Genève - Le système international de protection des droits et de la sécurité des réfugiés est gravement dégradé, et comme les conflits armés et les catastrophes naturelles continuent de conduire leur fuite vers d’autres pays, une action immédiate s’impose, a indiqué l’Observatoire Euro-Méditerranéen des Droits de l’Homme.

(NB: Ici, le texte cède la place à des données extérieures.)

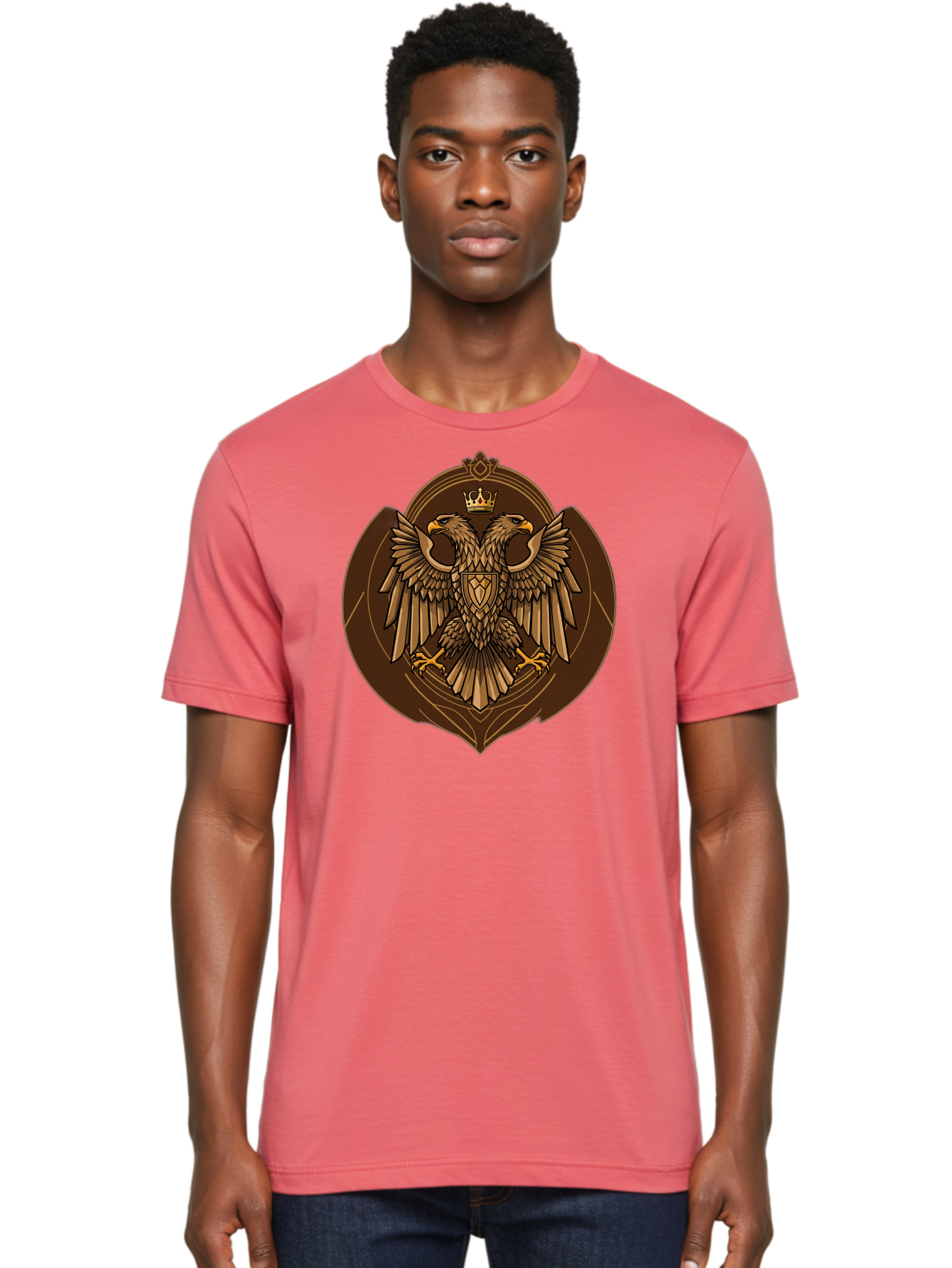 Double-Headed-Eagle-Crest Men'S Graphic Tee, 100% Cotton, Comfortable Casual Summer Wear, Machine Washable, Vintage Camera, Old Camera, Antique Camera, Black Camera, Classic Photography, Photography Equipment, Nostalgic Device, Film Camera, Bag410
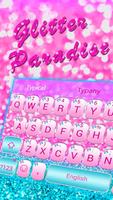 Glitter Paradise Keyboard Theme poster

Un nouveau rapport Euro-Med, intitulé « Refuge amer : rapport de situation 2020 sur les réfugiés », estime que le nombre de réfugiés aujourd’hui est d’environ 25,9 millions, dont 19,9 millions relèvent du mandat du Haut-Commissariat des Nations Unies pour les réfugiés. 5,4 millions de Palestiniens sont couverts par l’Office de secours et de travaux des Nations unies (UNRWA). Les 3,5 millions restants sont des demandeurs d’asile.

 

La croissance rapide du nombre de réfugiés au cours des dernières années a suscité des craintes dans les pays de destination, où les résidents craignent le péage sur les ressources rares et les économies déjà tendues. Le résultat a été la poursuite des mesures pour limiter les arrivées.

 

Parmi ces pratiques figure la fermeture ou le resserrement des restrictions aux passages frontaliers, ainsi que le retour forcé et le refus de services et les droits protégés à l’échelle internationale.

 

La constance des conflits armés dans plusieurs régions d’Afrique du Nord et du Moyen-Orient a alimenté la crise des réfugiés en cours, ainsi que le flux de demandeurs d’asile, a déclaré Tariq Liwaa’a, le conseiller juridique Euro-Med. Des efforts soutenus à l’échelle internationale pour partager le fardeau entre les pays sont nécessaires, ainsi que des mécanismes plus efficaces pour fournir un soutien et assurer l’assimilation. Toutefois, des efforts coordonnés sont tout aussi importants pour mettre fin à l’exode humain en mettant fin aux conflits armés et en pénalisant les gouvernements et les factions responsables.

 

Le rapport d’Euro-Med présente le contexte de l’explosion du trafic humain, y compris les statistiques, les facteurs de motivation, les pays d’origine, les itinéraires empruntés et leur traitement en cours de route. Le nombre de décès et leurs causes au cours de leurs déplacements respectifs sont également documentés.

 

L’ONG appelle à l’activation du principe de la charge partagée, tous les membres de la communauté internationale aidant les pays hôtes. Tous les pays, en particulier le Liban et la Jordanie, doivent adhérer à la Convention de 1951 sur les réfugiés et à son protocole de 1967, qui créent un cadre juridique et des droits de l’homme intégré pour protéger les réfugiés. De même, selon Euro-Med, les gouvernements d’accueil devraient assumer leurs responsabilités en permettant aux réfugiés d’exercer les droits garantis par les conventions et les pactes relatifs aux droits de l’homme, y compris le non-refoulement (retour à des conditions dangereuses).

 

Il est nécessaire que les gouvernements et les sociétés combattent la discrimination raciale et les mauvais traitements en fonction de leur statut. Les gouvernements devraient ouvrir la voie à l’éradication de la haine et à la promotion d’un discours rationnel fondé sur la reconnaissance de la dignité humaine.

 

De leur côté, les organisations et les organismes travaillant sur les questions relatives aux réfugiés doivent travailler plus efficacement pour encourager l’acceptation sociale des réfugiés et des migrants en parrainant des ateliers, des événements communautaires et d’autres formes de sensibilisation. De plus, ils peuvent aider en aidant au processus d’inscription des réfugiés et en assurant le suivi des demandes rejetées.